▶ AIM OF THE TASK: In the listing below, the lines starting at the line with "Foto von Salix L." and ending at the line with "Концентрований спрей для" are to be output verbatim. Images stay out of the copy.

▶ DATA SHOWN:
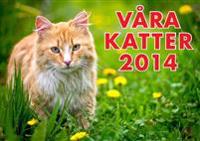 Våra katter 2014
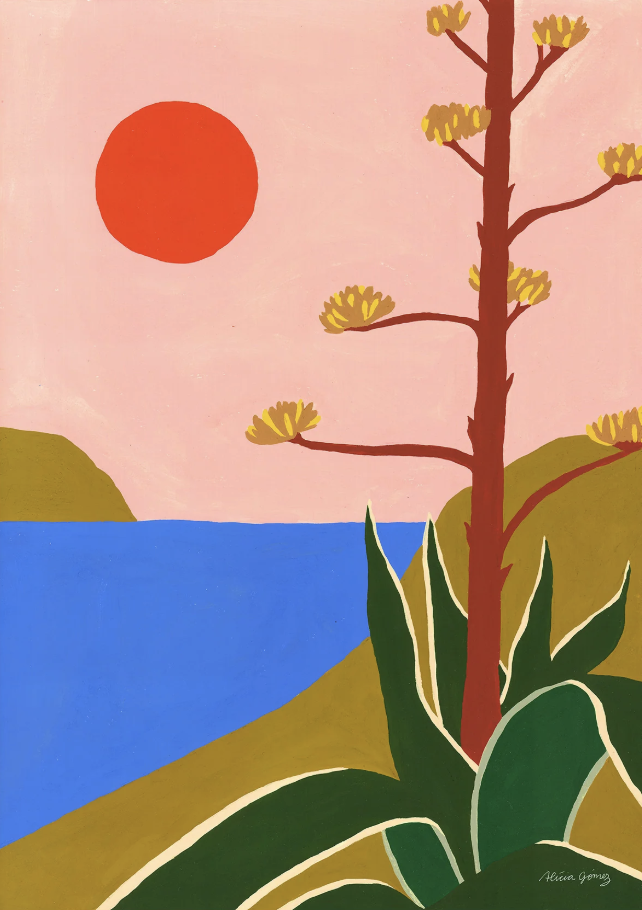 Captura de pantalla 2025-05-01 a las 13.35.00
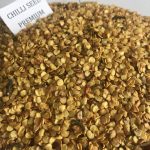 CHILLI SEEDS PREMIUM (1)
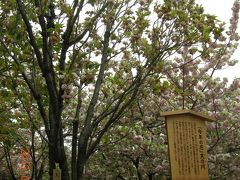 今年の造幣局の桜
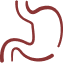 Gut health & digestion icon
==
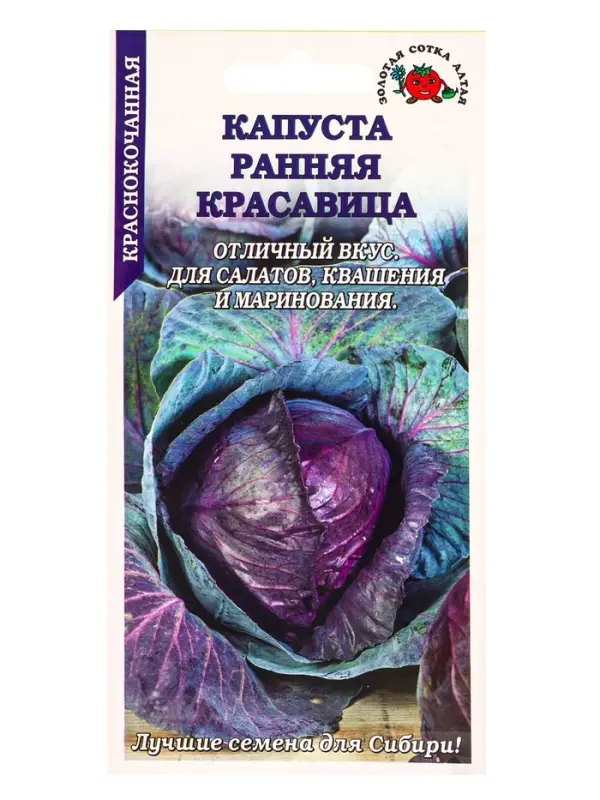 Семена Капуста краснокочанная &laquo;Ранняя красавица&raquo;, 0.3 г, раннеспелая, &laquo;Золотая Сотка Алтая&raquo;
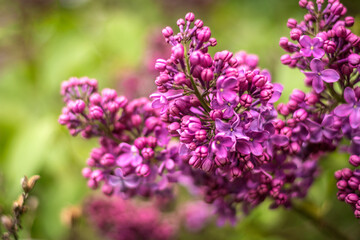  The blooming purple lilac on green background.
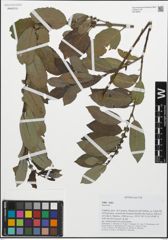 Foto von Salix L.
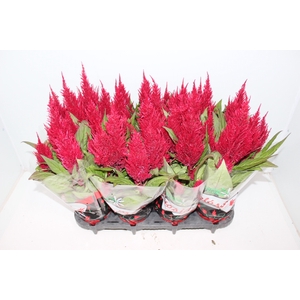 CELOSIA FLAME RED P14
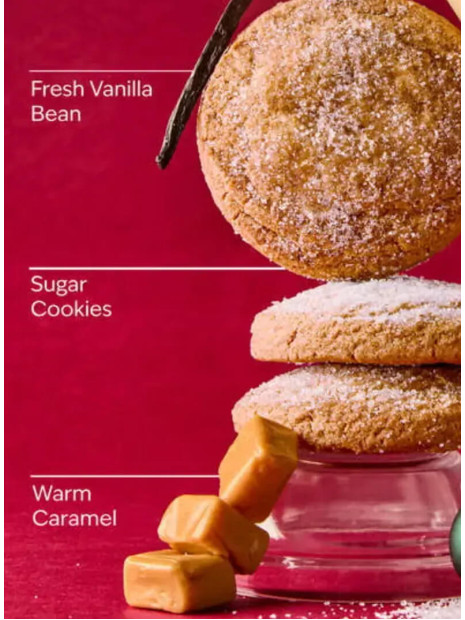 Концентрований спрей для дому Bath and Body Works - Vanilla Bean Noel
---
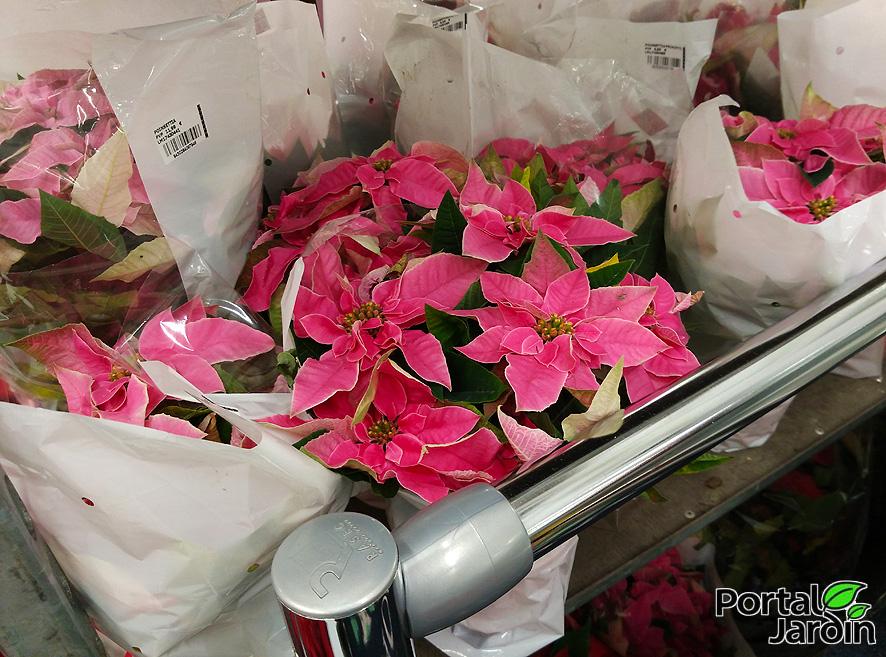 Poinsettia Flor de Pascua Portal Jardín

▶ OUTPUT:
 Foto von Salix L.
 CELOSIA FLAME RED P14
 Концентрований спрей для дому Bath and Body Works - Vanilla Bean Noel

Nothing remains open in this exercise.